ステージの判断には、リンパ節の腫れの範囲や内臓、骨髄に異常がないかなどを検査して総合的に判断します。一般的には、ステージが低いほど治療の選択肢が多く、回復の可能性も高まります。
治療の選択肢
犬や猫のリンパ腫には、いくつかの治療法があります。犬や猫の年齢や体調、生活環境に合わせて、最適な治療法を選ぶことが大切です。
<化学療法(抗がん剤治療)>
リンパ腫の治療で最も一般的なのが化学療法(抗がん剤治療)です。犬や猫の抗がん剤は、人と比べて副作用が少なく、多くの子が普段と変わらない生活を送りながら治療を受けることができます。
<ステロイド療法>
ステロイド薬を使ってリンパ腫の進行を抑える方法です。化学療法よりも副作用が少なく、体力が落ちている子や高齢の子にも選ばれることがあります。
<放射線治療>
特定の部位にできたリンパ腫に対して行われる治療法です。しこりが限られた部位にある場合や、他の治療と組み合わせる場合に選択されます。
<緩和ケア>
病気の進行を止めるのが難しい場合は、痛みを和らげるための治療(緩和ケア)を行います。犬や猫の痛みや不快感を和らげることで、少しでも快適に過ごせるようにサポートすることが目的です。

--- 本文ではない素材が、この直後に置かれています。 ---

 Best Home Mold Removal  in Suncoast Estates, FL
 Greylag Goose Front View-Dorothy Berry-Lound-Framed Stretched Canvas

近年、獣医療は進歩しており、さまざまな治療の選択肢が増えています。どの方法が最適かは、愛犬や愛猫の状態や生活の質を考えながら、獣医師と相談して決めることが大切です。
治療中の犬や猫のお世話
治療を続けていくうえで、飼い主様のサポートがとても重要です。できるだけ犬や猫が安心して過ごせるように、以下のような工夫をしてあげましょう。
・栄養バランスの良い食事を与える(獣医師と相談して適切なフードを選ぶ)
・静かで落ち着ける場所を用意する(ストレスを減らし、安らげる環境を整える)
・いつもと違う様子がないか観察する(食欲や元気の変化に気づいたら、すぐに獣医師に相談する)
・無理をさせず、犬や猫のペースに合わせる(疲れやすくなることがあるため、負担をかけないようにする)
よくある質問(Q&A)
Q:治療中も普通に生活できますか?
A:多くの犬や猫は治療中も普段と変わらない生活を送ることができます。特に化学療法は副作用が少なく、犬や猫の負担が軽い治療法として選ばれることが多いです。ただし、病気の進行によっても体調が変化しやすいため、いつもと違う様子があればすぐに獣医師に相談しましょう。
まとめ
リンパ腫は犬や猫によく見られる病気ですが、早期発見と適切な治療を行えば、元気に過ごせる可能性を高めることができます。しこりや体調の変化に気づいたときには、自己判断せず、できるだけ早く動物病院で診察を受けてください。
大切なのは、飼い主様が異変を見逃さず、獣医師と協力して最善のケアを選ぶことです。早期発見と丁寧な対応が命を守る力になります。